I had hoped to make the sauce with only fresh ingredients such as tomatoes, green peppers, onions, garlic, basil, oregano, olive oil, salt & pepper, but I eventually ended up adding a little sugar, garlic powder, onion powder and a can of tomato paste.
First, I chopped two onions and two bell peppers and sauteed them in a pan with eight cloves of minced garlic.
Next, I boiled tomatoes, four at a time in a pot of water for two minutes each. I used twenty tomatoes in this recipe.
About two minutes after the tomatoes started boiling, their skins cracked.
After removing the tomatoes from the boiling water, I put them in a bowl of cold water to stop the cooking process.
Next, we peeled the tomatoes.
And then cored them.
And chopped them.
Then, I put them in a pot with a couple of tablespoons of fresh, chopped basil and oregano (probably dried would have had a more potent flavor) salt, and pepper.
Next, I added the sauteed onion, garlic, and bell peppers and I simmered the sauce for several hours aka, most of the day.

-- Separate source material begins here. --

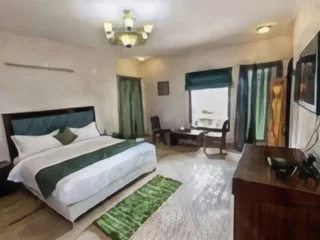 Бадди: Ramshehar Fort Resort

I had hoped that the sauce would reduce and thicken, but I eventually had to add one small can of tomato paste to help this process along. Near the end of the cooking process, I had to adjust the seasonings, meaning it was time to add more salt and pepper, five more cloves of minced garlic a couple of teaspoons of sugar, some garlic powder and onion powder. This is also when I added the olive oil. I didn't measure it, just kept adding and tasting. Once the flavor was how I wanted it, I blended it in batches to make it the consistency that I wanted.
I ended up with two and a half quarts of sauce.
One and a half quarts are in the freezer waiting for another day and the last quart I used with our dinner tonight. I browned one pound of hamburger with half of a chopped onion. Once that was cooked and drained, I added the spaghetti sauce, one chopped yellow squash, and several sliced black olives. We had this sauce over spaghetti for dinner. Delicious!